Needless to say, most of the people there were affected by the chemicals that bathed the atmosphere day and night. On some evenings, a horrible rotten-egg smell would go prowling and infect the entire populace. Those same streets were warmed by the midnight sun of the refinery flame, which had an eerily appealing glow. I would pretend it was Tuscany at sunset or the cabaret lights of Paris.
So, while trying not to stand out as much as I knew I already did, I was psyched to inherit some metal and hard rock tapes from my uncles in Sioux City, Iowa. Hell, yeah! Now I could add to my burgeoning repertoire of hot Dokken licks and creepy Iron Maiden lyrics. I was particularly excited about the obscure On Through the Night Def Leppard tape. "Man, how cool will I be? This record came before 'Photograph,' dude!" I thought. Imagine my chagrin when the tape in the case was actually the Beatles' Rock and Roll Music Vol. 1. "This is old-fashioned faggy music. This sucks." But my curiosity nagged at me to listen.

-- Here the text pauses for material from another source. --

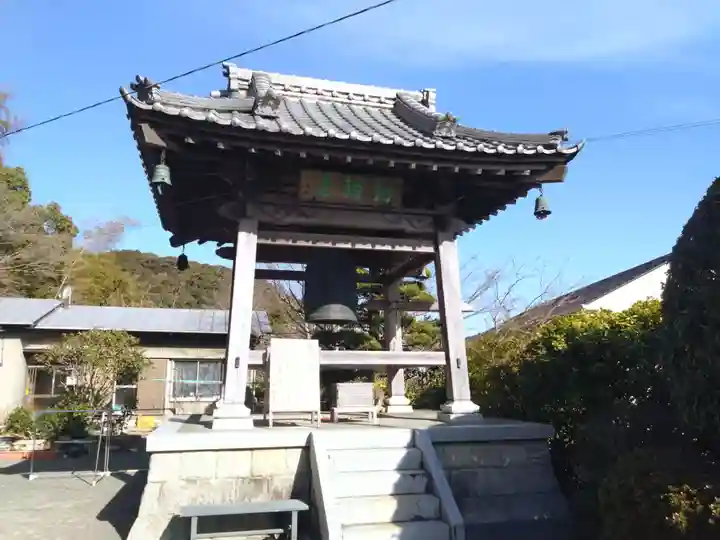 鵜田寺(静岡県)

It was so catchy, so delicious, I wanted to jump out of my skin with joy and relief. I felt like I'd just raided the Halloween trash and devoured all of the grape Pixie Stix that the other kids had thrown away in disgust. I had a sugar high. I was jonesing for more. And I was so ashamed and embarrassed.
I kept my Beatles love in the closet, listened only with headphones, while I blasted more appropriate tunes like Motley Crue, Billy Squier, and Led Zeppelin. That is not to say that I turn my back on my actual love for this other music. Rat and Poison (my first official concert) and the others gave me a language in which to speak to the other kids in the trailer park and on the bus. And there is a satisfaction I will get from listening to it to this day.
But it can't compare to the secret, deep, private affair I began with those catchy Beatles melodies. An affair that I'm proud to say has become a live-in situation, an engagement, a commitment, if not its own sort of marriage. I thought it was sticky-sweet dreck that I had to hide at the time--like my femininity, like my sensitivity, my attraction to other girls, my drawings and my poetry. It was like admitting I was in love, that I even had the capacity for love. Sure to elicit sarcastic "Awwww, isn't that sweet!" taunts (and then possible violence), I hid it--all of it--until I could let it loose openly, freely, without judgement, without hatred and taunts. And scream like all those girls in the '60s did. Scream with abandon that I was saved by this music, that I was set free to feel pleasure and joy. That I could feel at all.
Now that's rock and roll, mother fuckers.